Please give back each line of the material unchanged, but without the images.

=== Begin Enclosure ===

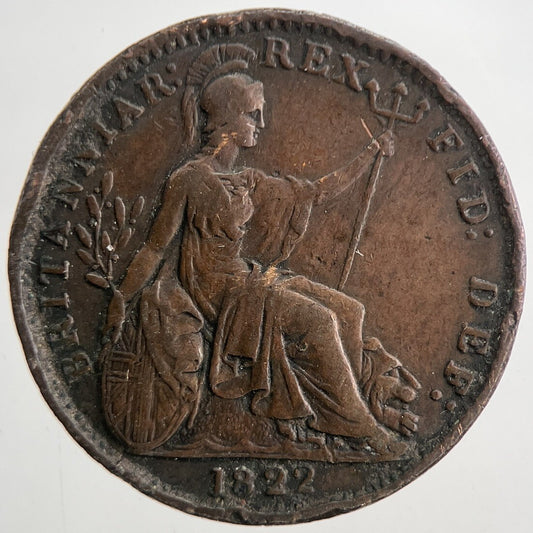 1822 George IV Farthing | Very High Grade | a9394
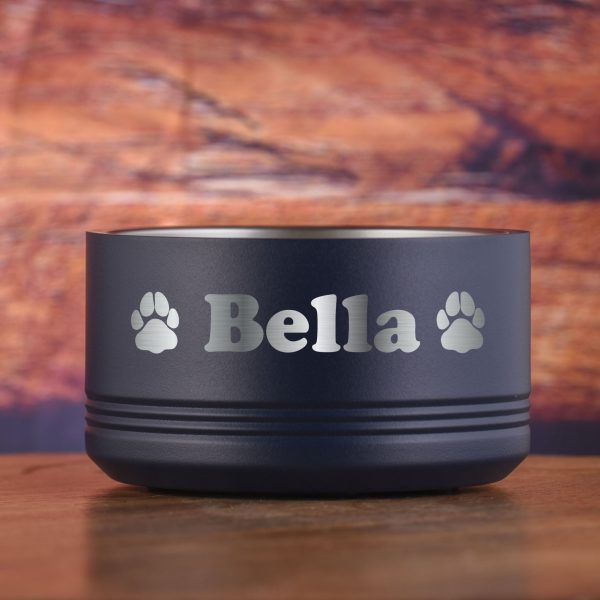 Custom Engraved Small Pet Bowl for Dog or Cat Hot on Sale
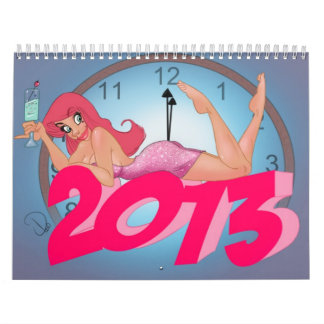 カレンダー2013年の上のさくらんぼPin カレンダー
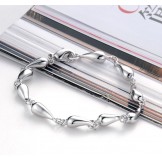 The Queen of Quality Female Fade-Proof 
 Platinum Plating Titanium Bracelet 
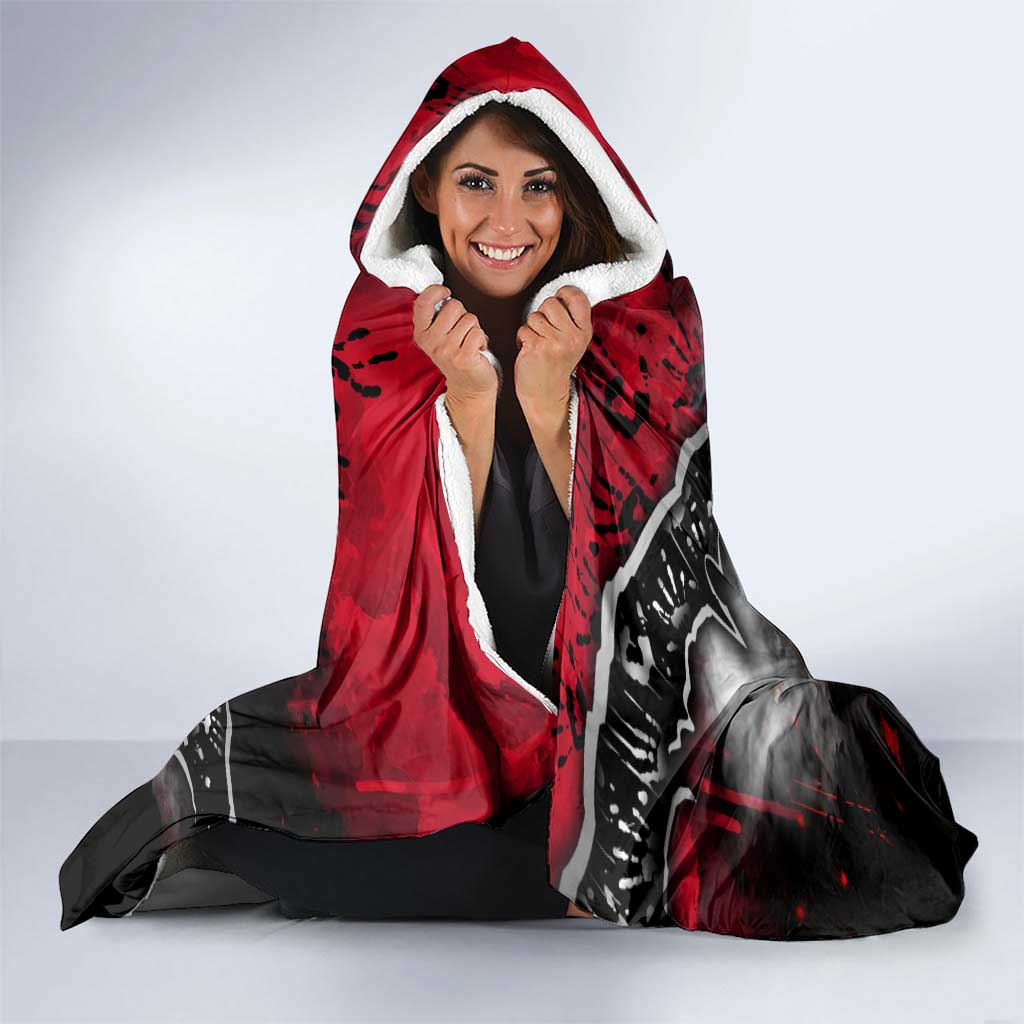 Step Into Horror Domain Saints Football Hooded Blanket Halloween Horror Movie Characters - Aussie Hoodie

=== End Enclosure ===

▶ [RESPONSE BELOW]
 1822 George IV Farthing | Very High Grade | a9394
 Custom Engraved Small Pet Bowl for Dog or Cat Hot on Sale
 カレンダー2013年の上のさくらんぼPin カレンダー
 The Queen of Quality Female Fade-Proof 
 Platinum Plating Titanium Bracelet 
 Step Into Horror Domain Saints Football Hooded Blanket Halloween Horror Movie Characters - Aussie Hoodie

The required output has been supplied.